TASK OBJECTIVE: Below are records with pictures; copy word for word only the lines between the line with "Designers Guild Floreale" and the line with "PS5国产包装盒 迷途猫 stray 流浪猫 迷失猫 自制封面 仅空盒", inclusive, and drop the pictures.

SUPPLIED RECORDS:
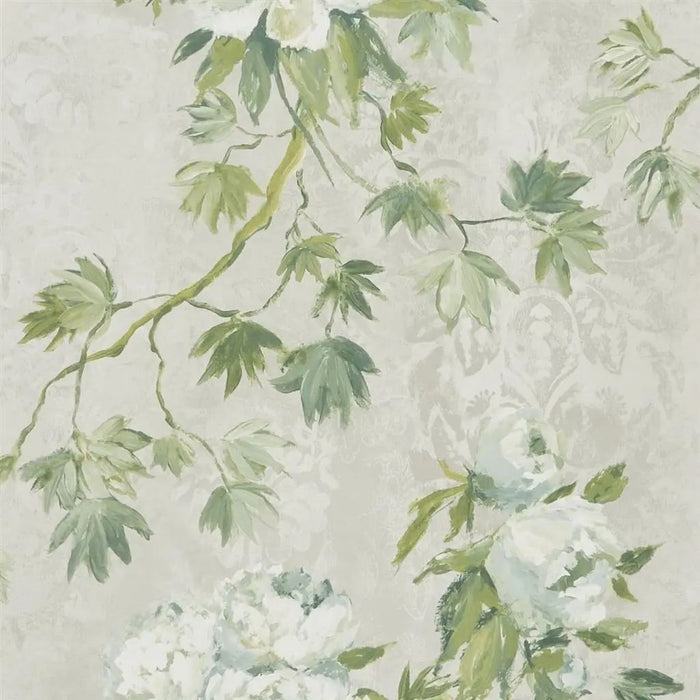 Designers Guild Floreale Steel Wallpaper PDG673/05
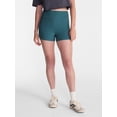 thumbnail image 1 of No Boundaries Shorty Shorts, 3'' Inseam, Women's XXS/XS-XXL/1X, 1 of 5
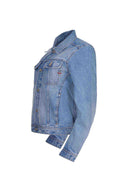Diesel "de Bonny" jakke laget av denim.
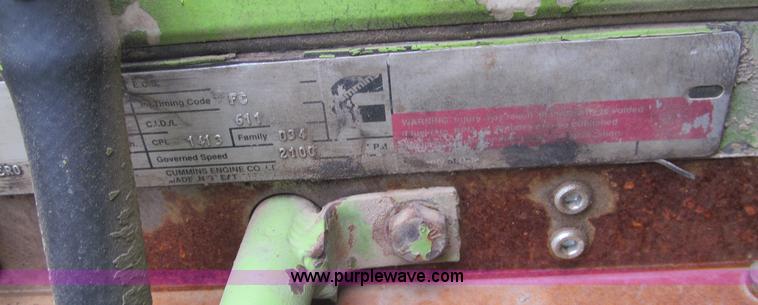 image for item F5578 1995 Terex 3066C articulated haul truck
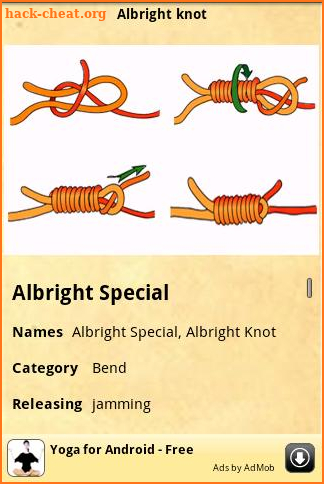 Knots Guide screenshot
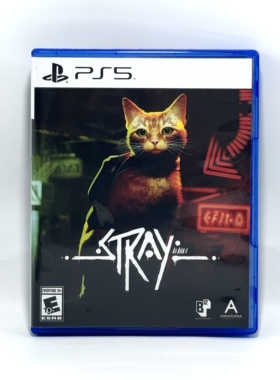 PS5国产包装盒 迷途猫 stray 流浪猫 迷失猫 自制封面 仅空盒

==

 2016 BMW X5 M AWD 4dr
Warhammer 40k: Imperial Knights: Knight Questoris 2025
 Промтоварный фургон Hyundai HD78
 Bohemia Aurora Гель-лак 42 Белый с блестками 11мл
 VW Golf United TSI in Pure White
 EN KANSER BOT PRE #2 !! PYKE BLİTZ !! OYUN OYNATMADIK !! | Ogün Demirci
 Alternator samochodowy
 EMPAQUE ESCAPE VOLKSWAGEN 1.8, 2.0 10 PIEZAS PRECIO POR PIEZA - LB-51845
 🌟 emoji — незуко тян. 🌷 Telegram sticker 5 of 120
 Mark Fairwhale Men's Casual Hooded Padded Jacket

* * *

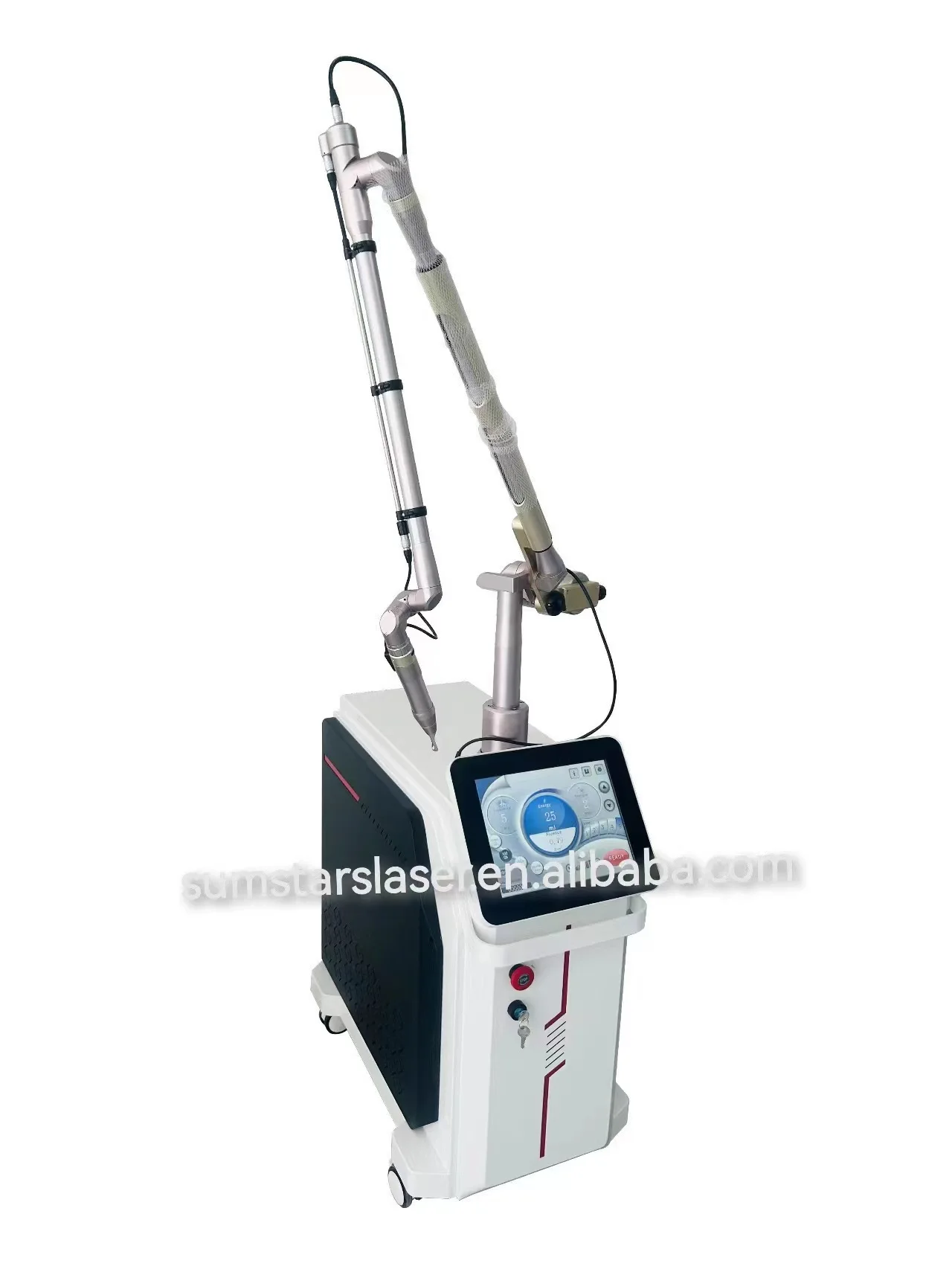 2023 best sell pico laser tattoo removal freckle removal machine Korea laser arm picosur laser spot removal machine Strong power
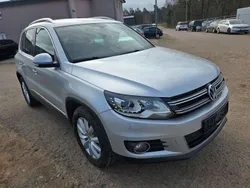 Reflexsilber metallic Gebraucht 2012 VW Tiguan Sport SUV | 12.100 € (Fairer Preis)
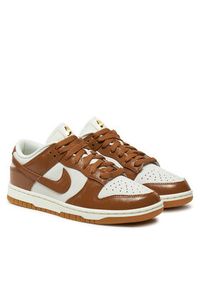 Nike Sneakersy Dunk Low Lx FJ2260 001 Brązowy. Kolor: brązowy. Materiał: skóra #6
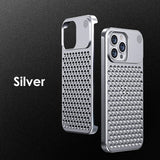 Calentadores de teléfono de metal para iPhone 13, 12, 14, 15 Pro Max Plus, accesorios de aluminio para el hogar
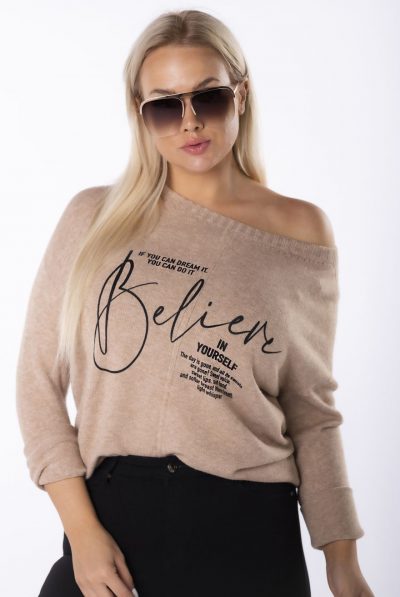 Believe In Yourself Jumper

REPLY:
 Designers Guild Floreale Steel Wallpaper PDG673/05
 thumbnail image 1 of No Boundaries Shorty Shorts, 3'' Inseam, Women's XXS/XS-XXL/1X, 1 of 5
Diesel "de Bonny" jakke laget av denim.
 image for item F5578 1995 Terex 3066C articulated haul truck
 Knots Guide screenshot
 PS5国产包装盒 迷途猫 stray 流浪猫 迷失猫 自制封面 仅空盒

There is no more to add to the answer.